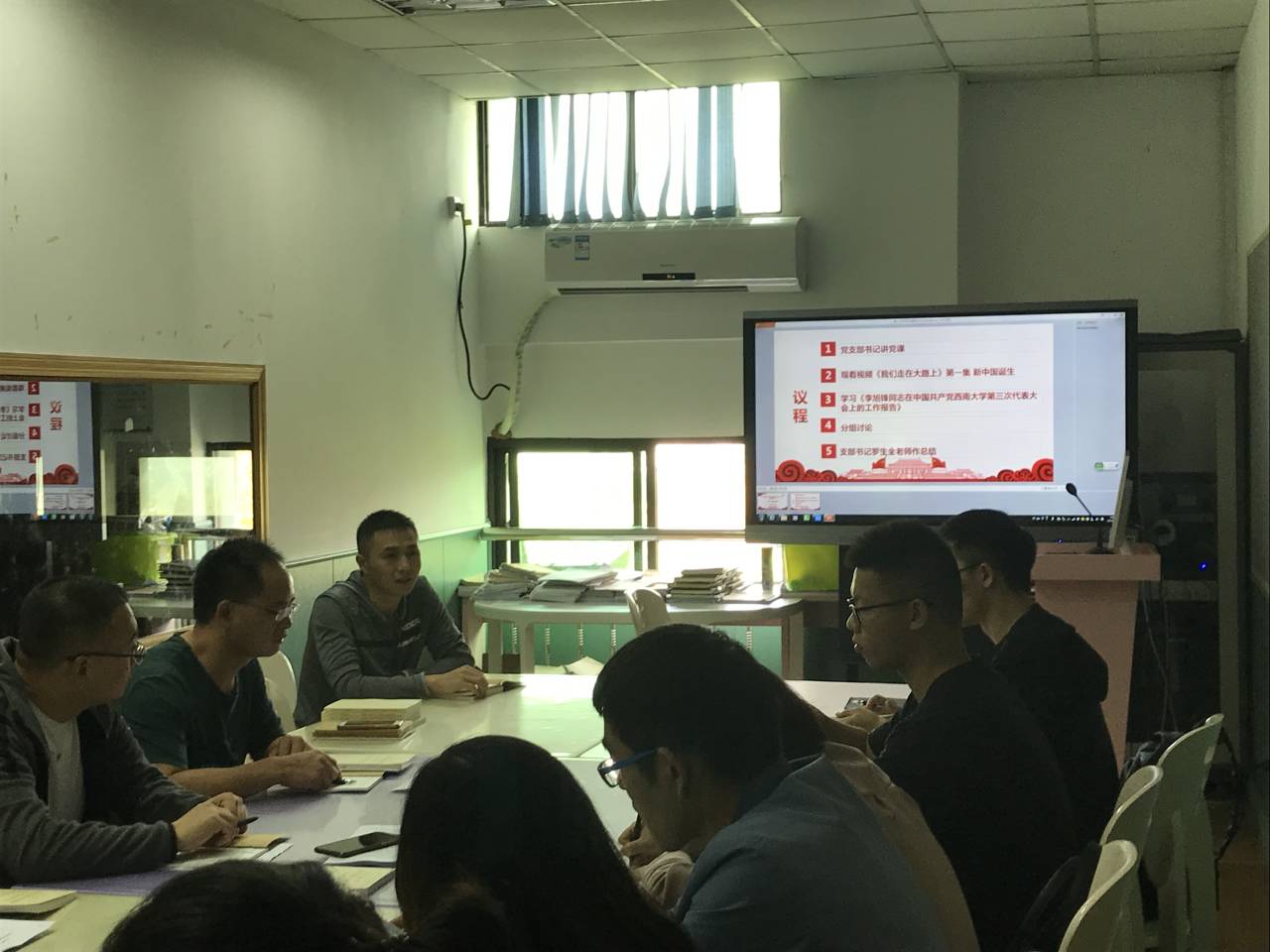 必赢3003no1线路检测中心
• • •
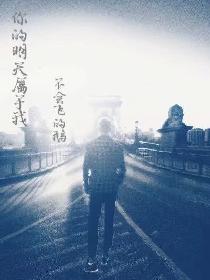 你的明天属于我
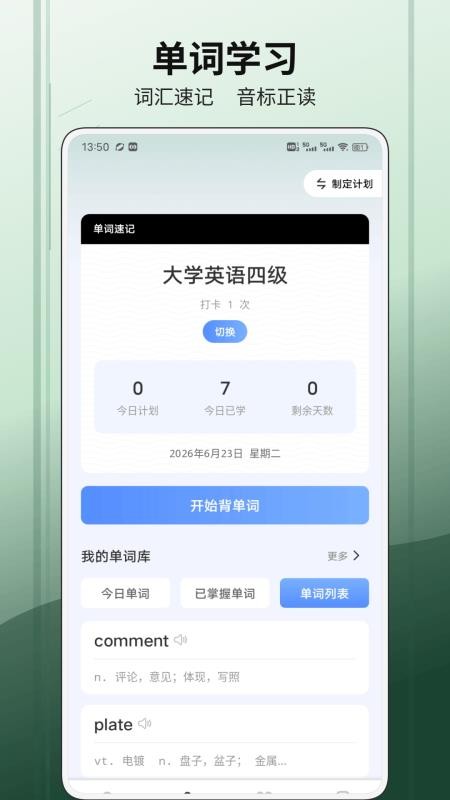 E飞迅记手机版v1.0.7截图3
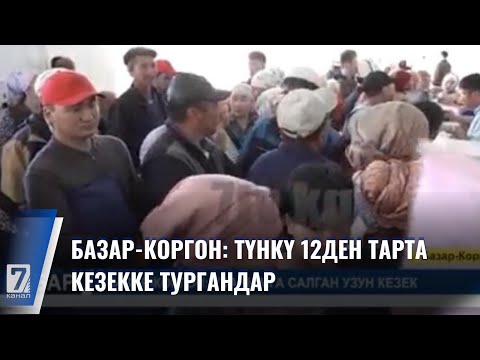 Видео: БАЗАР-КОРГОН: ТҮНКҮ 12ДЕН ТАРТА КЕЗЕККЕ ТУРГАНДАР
• • •
**Your objective:** Your copy should hold the lines from the one with "E飞迅记手机版v1.0.7截图3" up to and including the one with "Видео: БАЗАР-КОРГОН: ТҮНКҮ", exactly as in the data above, and no pictures.

**Solution to this task:**
 E飞迅记手机版v1.0.7截图3
 Видео: БАЗАР-КОРГОН: ТҮНКҮ 12ДЕН ТАРТА КЕЗЕККЕ ТУРГАНДАР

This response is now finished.